| Exercise details |
Copy the first line of the material below and every later line through the line containing "Statue of Confucius", without any other output.
── Task material
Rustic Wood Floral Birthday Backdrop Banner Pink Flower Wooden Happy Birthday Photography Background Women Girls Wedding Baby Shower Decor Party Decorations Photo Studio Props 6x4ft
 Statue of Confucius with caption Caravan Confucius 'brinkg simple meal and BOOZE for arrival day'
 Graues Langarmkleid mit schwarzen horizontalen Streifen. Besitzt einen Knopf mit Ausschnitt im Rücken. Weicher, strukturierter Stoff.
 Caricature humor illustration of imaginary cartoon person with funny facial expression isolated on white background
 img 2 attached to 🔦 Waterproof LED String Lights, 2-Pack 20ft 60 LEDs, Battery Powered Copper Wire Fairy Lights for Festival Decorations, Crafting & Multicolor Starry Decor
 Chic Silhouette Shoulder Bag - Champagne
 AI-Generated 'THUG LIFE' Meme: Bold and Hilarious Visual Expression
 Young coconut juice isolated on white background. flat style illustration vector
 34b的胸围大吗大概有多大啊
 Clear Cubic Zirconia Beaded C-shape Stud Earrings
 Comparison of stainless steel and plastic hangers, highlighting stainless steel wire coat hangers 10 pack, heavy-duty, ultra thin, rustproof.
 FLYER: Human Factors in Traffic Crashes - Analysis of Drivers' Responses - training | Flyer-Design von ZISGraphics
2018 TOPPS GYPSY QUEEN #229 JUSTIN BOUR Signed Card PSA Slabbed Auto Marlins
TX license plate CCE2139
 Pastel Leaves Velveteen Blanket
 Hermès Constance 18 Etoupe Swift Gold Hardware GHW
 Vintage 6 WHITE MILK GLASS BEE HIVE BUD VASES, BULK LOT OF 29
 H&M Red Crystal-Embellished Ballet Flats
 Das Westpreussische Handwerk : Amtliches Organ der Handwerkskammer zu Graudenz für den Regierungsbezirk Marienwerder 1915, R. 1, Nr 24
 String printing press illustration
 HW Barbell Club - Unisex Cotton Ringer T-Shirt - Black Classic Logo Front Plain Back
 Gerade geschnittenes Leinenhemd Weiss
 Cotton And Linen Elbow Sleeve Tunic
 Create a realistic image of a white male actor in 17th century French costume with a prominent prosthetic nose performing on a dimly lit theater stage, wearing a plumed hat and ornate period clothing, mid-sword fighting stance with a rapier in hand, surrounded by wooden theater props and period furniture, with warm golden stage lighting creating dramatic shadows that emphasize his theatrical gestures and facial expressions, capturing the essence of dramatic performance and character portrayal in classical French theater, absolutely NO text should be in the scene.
────
| Solution for this task |
Rustic Wood Floral Birthday Backdrop Banner Pink Flower Wooden Happy Birthday Photography Background Women Girls Wedding Baby Shower Decor Party Decorations Photo Studio Props 6x4ft
 Statue of Confucius with caption Caravan Confucius 'brinkg simple meal and BOOZE for arrival day'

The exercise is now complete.